Here is an incomplete list of the things Poole loved: UNC basketball, the Atlanta Braves, creative cursing, R.O.’s Barbecue in Gastonia, politics, old race-car drivers, the newspaper business, his grandbaby Eli, two cars side-by-side in the last turn at Daytona, and most of all, talking.

Here is a list of things Poole was not so fond of: the NBA, dumb NASCAR rules, stupid people in general, the occasional editor, being on the road six days a week, re-engineering and re-designing and all the things we tried to make the newspaper better instead of just doing better stories.

Poole loved to argue. LOVED it. All you had to do was throw out a word — “Earnhardt.” “Bush.” “Dean.” — and he’d be off. Lord help you if you ended up on the other side. He was smart and quick and forceful and pretty soon you’d end up in a tidy little pile of rhetorical dust. He would cut you a look that said, surely you didn’t think you would win an argument with ME. And then he would get tickled about the whole thing and you’d be friends again, not that you ever weren’t.

Sometimes he would get legitimately furious, and at those times it was best to give him about 10 feet of space in every direction. But from my experience it was mostly bluster and show, wrapped around a good heart.

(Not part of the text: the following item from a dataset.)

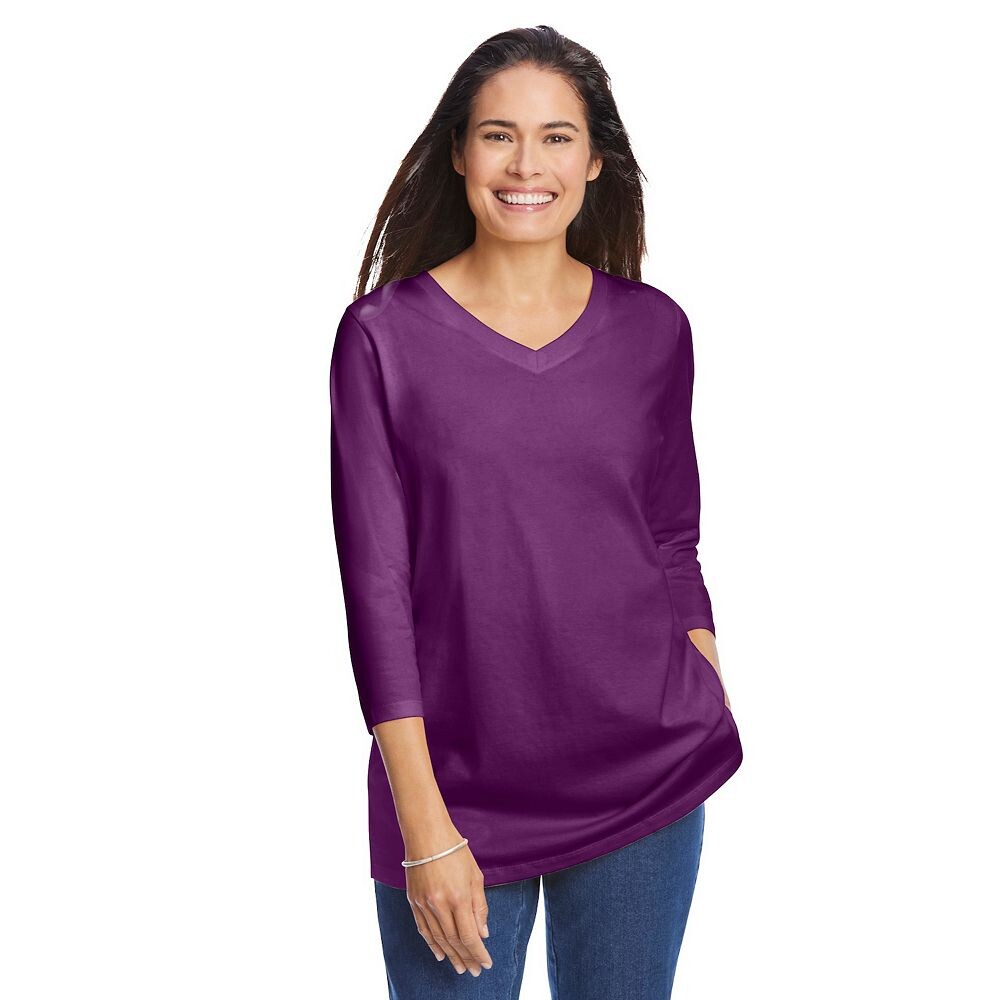 Женщина в женской идеальной футболке с v-образным вырезом и рукавами три четверти больших размеров Woman Within, цвет Plum Purple 
Женщина в женской идеальной футболке с v-образным вырезом и рукавами три четверти больших размеров Woman Within, цвет Plum Purple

I follow NASCAR, not enough to call myself a fan but enough to know what’s going on, and there’s no question that he was the best NASCAR reporter on the scene — he learned from the great Tom Higgins, the best there ever was. The thing about Poole is, if we had asked him to cover city hall or real estate or theater, he would’ve been the best at those, too. He was a good guy, a devoted family man, but most of all to me he was a great teammate. There’s no way to replace him.